2.16 KB, text/plain
During the stability tests in LEO, a Browser zombie process appears and is never killed. The tests we run is based on Orangutan and consist of opening an app and put it in background after 10 seconds. We do it recursively with Marketplace, E-mail and Contacts. The zombie process appears after 2 to 10 hours of tests, with memeater consuming 200M. The zombie Browser has priority of Foreground app. And its size is something between 10M to 24M (Rss).
This Browser process is launched from the Marketplace app. Of course, bug 859149 is the root cause of this issue, but, could we avoid launching a new process in this specific case at Gaia level? Something like, setting "remote" attribute to false for the iframe at main.js of Marketplace.
Hi Christopher, I am not sure if you are the one in charge of Marketplace... If so, does the comment above make any sense to you? Thanks.

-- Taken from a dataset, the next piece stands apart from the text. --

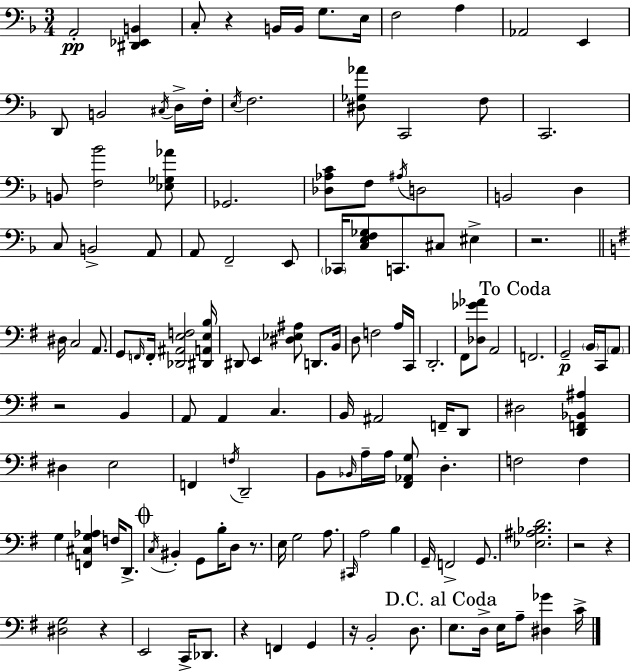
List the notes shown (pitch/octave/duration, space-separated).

A2/h [D#2,Eb2,B2]/q C3/e R/q B2/s B2/s G3/e. E3/s F3/h A3/q Ab2/h E2/q D2/e B2/h C#3/s D3/s F3/s E3/s F3/h. [D#3,Gb3,Ab4]/e C2/h F3/e C2/h. B2/e [F3,Bb4]/h [Eb3,Gb3,Ab4]/e Gb2/h. [Db3,Ab3,C4]/e F3/e A#3/s D3/h B2/h D3/q C3/e B2/h A2/e A2/e F2/h E2/e CES2/s [C3,E3,F3,Gb3]/e C2/e. C#3/e EIS3/q R/h. D#3/s C3/h A2/e. G2/e F2/s F2/s [Db2,A#2,E3,F3]/h [D#2,A2,E3,B3]/s D#2/e E2/q [D#3,Eb3,A#3]/e D2/e. B2/s D3/e F3/h A3/s C2/s D2/h. F#2/e [Db3,Gb4,Ab4]/e A2/h F2/h. G2/h B2/s C2/s A2/e R/h B2/q A2/e A2/q C3/q. B2/s A#2/h F2/s D2/e D#3/h [D2,F2,Bb2,A#3]/q D#3/q E3/h F2/q F3/s D2/h B2/e Bb2/s A3/s A3/s [F#2,Ab2,G3]/e D3/q. F3/h F3/q G3/q [F2,C#3,G3,Ab3]/q F3/s D2/e. C3/s BIS2/q G2/e B3/s D3/e R/e. E3/s G3/h A3/e. C#2/s A3/h B3/q G2/s F2/h G2/e. [Eb3,A#3,Bb3,D4]/h. R/h R/q [D#3,G3]/h R/q E2/h C2/s Db2/e. R/q F2/q G2/q R/s B2/h D3/e. E3/e. D3/s E3/s A3/e [D#3,Gb4]/q C4/s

I'm wondering if this is related to the problem potentially we're seeing in bug 898969. Leo - Btw, Chris doesn't work in this area of expertise with LMK. You probably want Justin in this case. I'm going to redirect your needinfo request to Justin.
> I'm wondering if this is related to the problem potentially we're seeing in bug 898969. I'd give it long odds of being the same, but it could be.
> Something like, setting "remote" attribute to false for the iframe at main.js of > Marketplace. I don't think we can do this. We rely on running apps out of process to meet security and stability requirements. Moving the marketplace app in-process would make the main process less secure and less stable. In particular, a memory leak in the main process would crash the whole phone, and a security breach in the marketplace app would pwn the whole phone. It's also not clear that this is specifically related to the marketplace app. My guess is that this happened by chance, perhaps because the marketplace app is one of the slower apps to load. Please don't make this change in the vendor build over my objections here.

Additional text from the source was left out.